In GIS, decision tree classification schemes are typically implemented by evaluating each question for the entire study area using relevant data GIS analysis techniques like query and overlay (in raster or vector). The "answer" for a given question will thus be a set of regions for each possible answer, each of which can be attributed with a final class, or used as a mask for where to apply the next question. For example, the Köppen climate classification system can be modeled using 24 raster grids (long-term mean precipitation and temperature for each month) and Map Algebra.

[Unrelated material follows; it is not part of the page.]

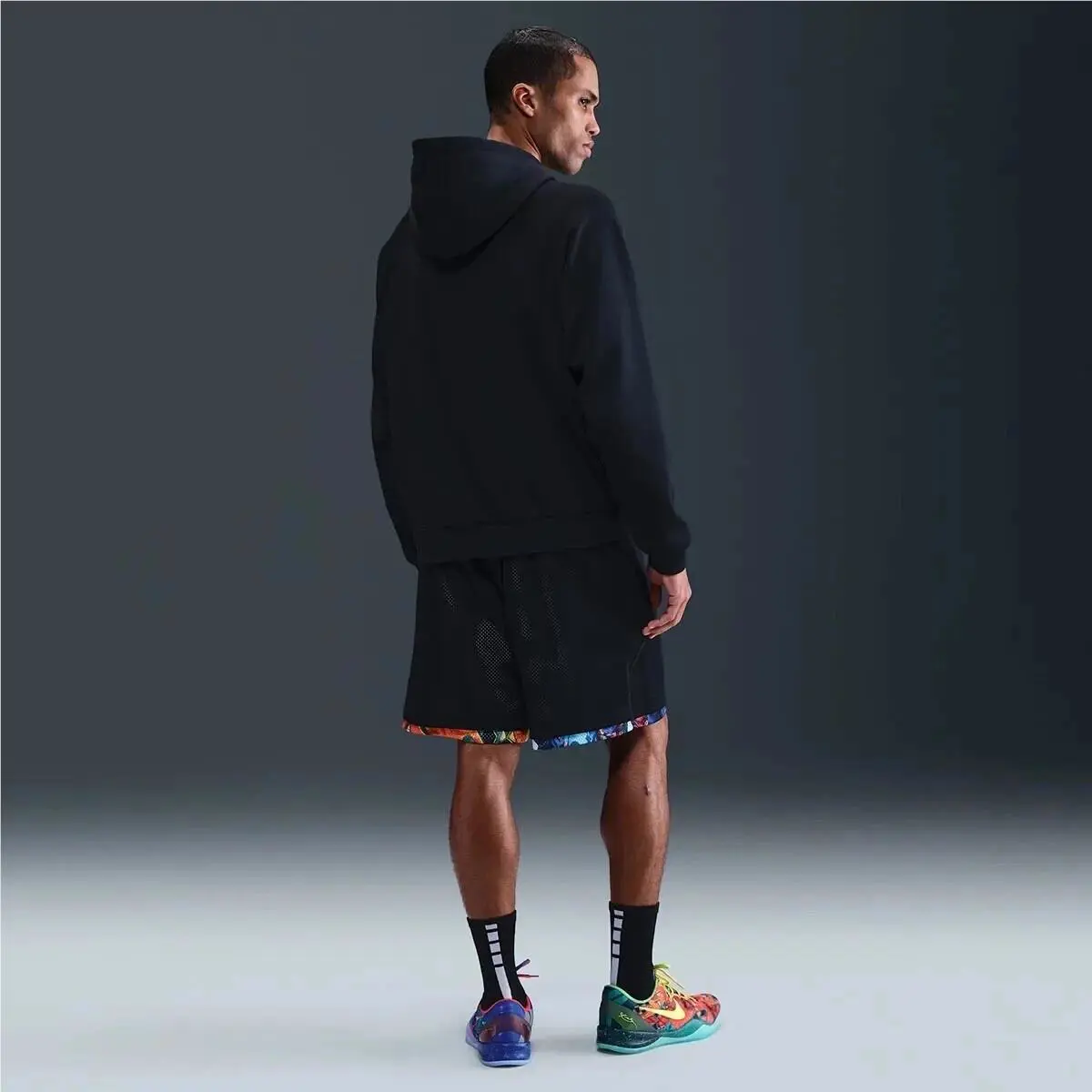 Nike clothing - Black 3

Clustering is a classification method that is most commonly used in data mining and remote sensing image analysis. It is based on the premise that if a set of meaningful categories exists in a phenomenon (e.g., types of land cover), they should be appear as patterns in the characteristics of the phenomena. Specifically, there should be clusters of individuals that are similar in several attributes while being very different from other individuals in the same attributes (i.e., the minimal intra-variability, maximal inter-variability ideal discussed above). For example, if humans are able to intuitively identify different types of land cover in an aerial photograph by recognizing similarities and differences in color and texture, then remote sensing software should be able to identify the same patterns in multispectral imagery data.

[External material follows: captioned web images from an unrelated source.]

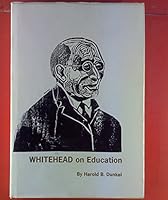 Whitehead on Education B0006BMNMG Book Cover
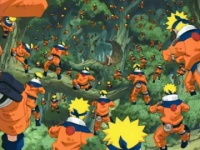 Shadow clone Jutsu, Wiki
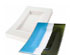 14 X 9-3/4 Concave Dish Mold 1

While analytically identifying the perfect set of clusters in a multivariate dataset is computationally difficult (NP-Hard), there are a variety of analysis methods and heuristic optimization algorithms for searching for clusters, such as Lloyd's K-Means Algorithm. The Jenks optimization algorithm discussed above is essentially k-means performed on a single variable.
In many geographic classification schemes, each class is defined by a set of criteria, that manifests as a spatial region. In this case, finding the region corresponding to each class can be implemented as a multi-criteria evaluation or Suitability analysis procedure, using GIS analysis methods such as queries, buffers, overlay, and map algebra.
- Longely et al. "Chapter 3: Representing Geography", Geographic Information Systems and Science. 2011.
- ArcGIS 10.1 Help, "Data classification." Accessed 22 Oct 2012
- Data ClassificationUniversity of California Santa Barbara. Accessed 22 October 2012
- Geographic Information Technology Training Alliance. Accessed 08 November 2015
- Jenks, George F. 1967. "The Data Model Concept in Statistical Mapping", International Yearbook of Cartography 7: 186-190.
- McMaster, Robert, "In Memoriam: George F. Jenks (1916-1996)". Cartography and Geographic Information Science. 24(1) p.56-59.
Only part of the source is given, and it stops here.